At the Miami radio station – well, you figure it – the big boss is an octogenarian geezer whom the people in his native Ceiba Mocha used to call “Hollow Head.” Right now, he’s intoxicated with a sexologist in her 30s who poses as an ideologist of the Round Table, the prime-time afternoon program, listened to mostly by folks with dentures who no longer take Viagra because of the counterindications about blood pressure and tachycardia.
The scribe at the local newspaper – the poor Tamayo – has gone through several facets of his life when the political bosses of Calle Ocho have variously accused him of being a Castroite, a sophist, a leftist, a pot-head, a drunkard, a pederast, a cuckold, an animal abuser, a bad cyclist and all the macho insults that the city’s ultraright can think of.
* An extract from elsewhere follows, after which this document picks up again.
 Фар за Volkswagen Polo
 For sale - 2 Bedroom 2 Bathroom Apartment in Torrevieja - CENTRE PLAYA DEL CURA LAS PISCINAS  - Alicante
Perhaps now, approaching the twilight of his career, he may want to retire once and for all to ride a bicycle on the beach and not look for any problems in the barrio. Therefore, Posada Carriles is “a militant,” not a terrorist. Not even an international warrior or a former agent of the CIA.
Finally, the TV anchorman in Hialeah, Cao, is not retiring. He wants to take up the career he has been unable to have, as composer, CD producer and arranger. But it’s difficult to stand out in the exile community, particularly with all that competition – Emilito Estefan, Ambrosio Hernández, Mayito Vallejo, Miguel A. Saavedra.
The way things are going in local politics, with David Rivera as our representative in Congress and Marco Rubio as our virtual presidential candidate in 2016 (with Sarah Palin as his Veep), the situation couldn’t be worse. And it won’t get better. This is Miami, remember. It’s not Hitler’s Munich in the 1930s.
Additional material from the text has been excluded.